Backtesting an algorithmic trading strategy using Machine Learning and Sentiment Analysis.

Overview

Trading Tesla with Machine Learning and Sentiment Analysis

An interactive program to train a Random Forest Classifier to predict Tesla daily prices using technical indicators and sentiment scores of Twitter posts, backtesting the trading strategy and producing performance metrics.

The project leverages techniques, paradigms and data structures such as:

  • Functional and Object-Oriented Programming
  • Machine Learning
  • Sentiment Analysis
  • Concurrency and Parallel Processing
  • Direct Acyclic Graph (D.A.G.)
  • Data Pipeline
  • Idempotence

Scope

The intention behind this project was to implement the end-to-end workflow of the backtesting of an Algorithmic Trading strategy in a program with a sleek interface, and with a level of automation such that the user is able to tailor the details of the strategy and the output of the program by entering a minimal amount of data, partly even in an interactive way. This should make the program reusable, meaning that it's easy to carry out the backtesting of the trading strategy on a different asset. Furthermore, the modularity of the software design should facilitate changes to adapt the program to different requirements (i.e. different data or ML models).
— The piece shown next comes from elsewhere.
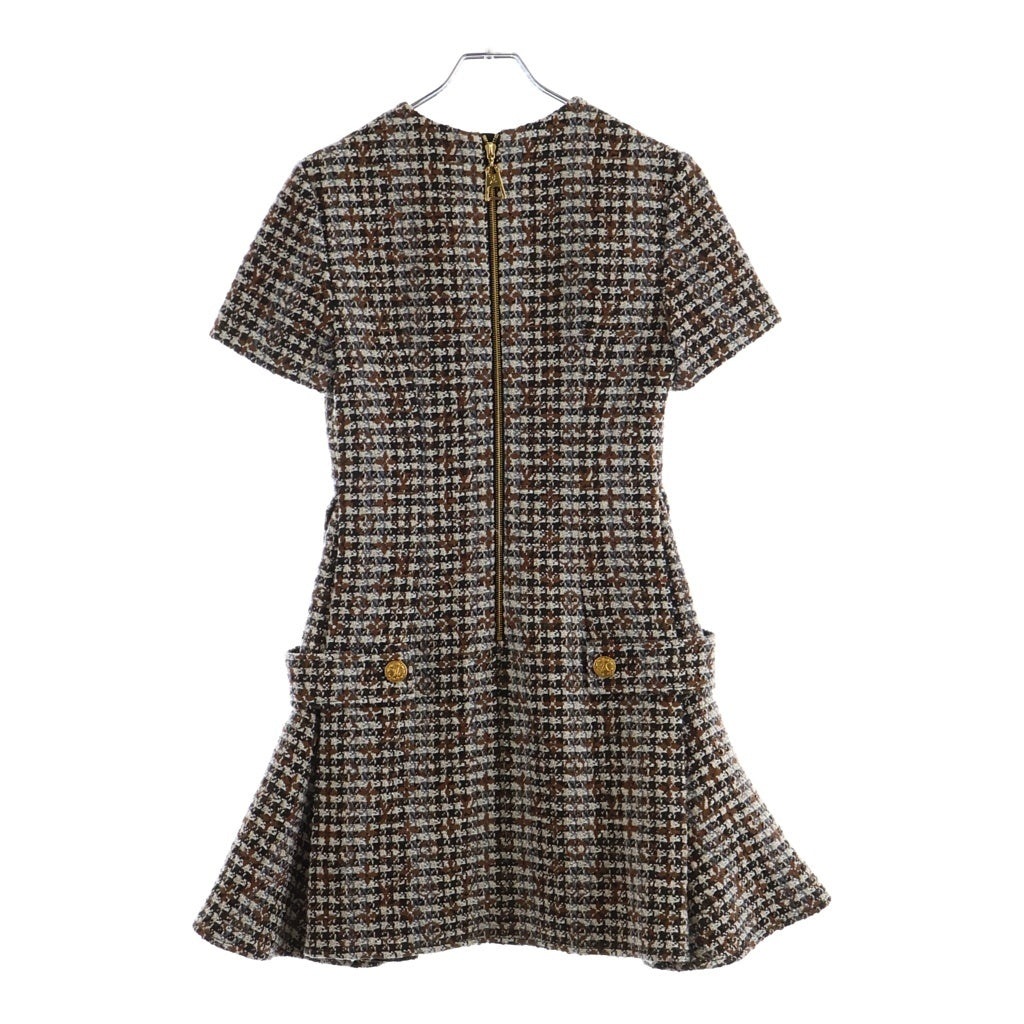LOUIS VUITTON(ルイヴィトン) 22AW モノグラム総柄 ゴールドボタンベルトデザイン ツイード 半袖ワンピース レディース ブラウン RW222W JM9 FNDR50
Strategy Backtesting Results

The Random Forest classifier model was trained and optimised with the scikit-learn GridSearchCV module. After computing the trading signals predictions and backtesting the strategy, the following performances were recorded:

Performance Indicators Summary
Return Buy and Hold (%) 273.94
Return Buy and Hold Ann. (%) 91.5
Return Trading Strategy (%) 1555.54
Return Trading Strategy Ann. (%) 298.53
Sharpe Ratio 0.85
Hit Ratio (%) 93.0
Average Trades Profit (%) 3.99
Average Trades Loss (%) -1.15
Max Drawdown (%) -7.69
Days Max Drawdown Recovery 2

drawdown

returns

Running the Program

This is straightforward. There are very few variables and methods to initialise and call in order to run the whole program.
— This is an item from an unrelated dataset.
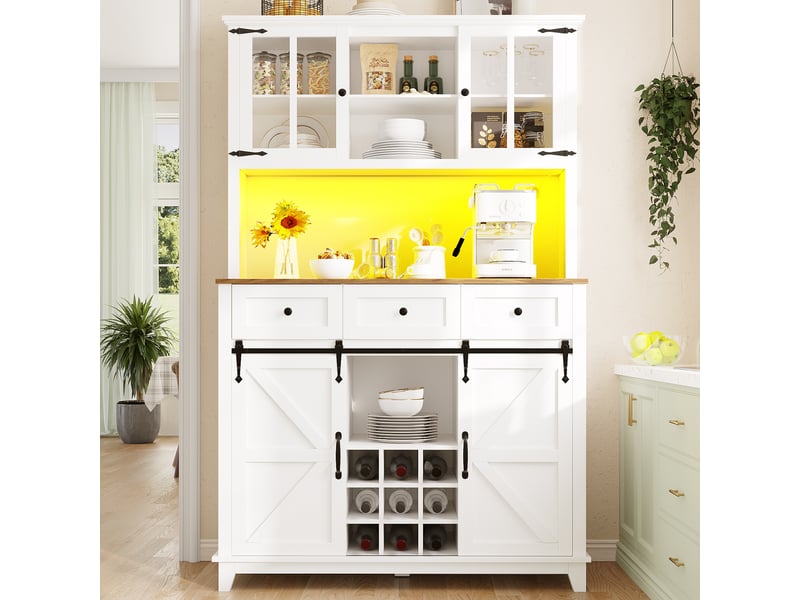  Buffet blanc 105x38x180 cm led – étagères ajustables, meuble salon et salle à manger  - Conforama B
Let me illustrate it in the steps below:

  1. Provide the variables in download_params, a dictionary containing all the strategy and data downloading details.

    download_params = {'ticker' : 'TSLA',
                       'since' : '2010-06-29', 
                       'until' : '2021-06-02',
                       'twitter_scrape_by_account' : {'elonmusk': {'search_keyword' : '',
                                                                   'by_hashtag' : False},
                                                      'tesla': {'search_keyword' : '',
                                                                'by_hashtag' : False},
                                                      'WSJ' : {'search_keyword' : 'Tesla',
                                                               'by_hashtag' : False},
                                                      'Reuters' : {'search_keyword' : 'Tesla',
                                                                   'by_hashtag' : False},
                                                      'business': {'search_keyword' : 'Tesla',
                                                                   'by_hashtag' : False},
                                                      'CNBC': {'search_keyword' : 'Tesla',
                                                               'by_hashtag' : False},
                                                      'FinancialTimes' : {'search_keyword' : 'Tesla',
                                                                          'by_hashtag' : True}},
                       'twitter_scrape_by_most_popular' : {'all_twitter_1': {'search_keyword' : 'Tesla',
                                                                           'max_tweets_per_day' : 30,
                                                                           'by_hashtag' : True}},
                       'language' : 'en'                                      
                       }
  2. Initialise an instance of the Pipeline class:

    TSLA_data_pipeline = Pipeline()
  3. Call the run method on the Pipeline instance:

    TSLA_pipeline_outputs = TSLA_data_pipeline.run()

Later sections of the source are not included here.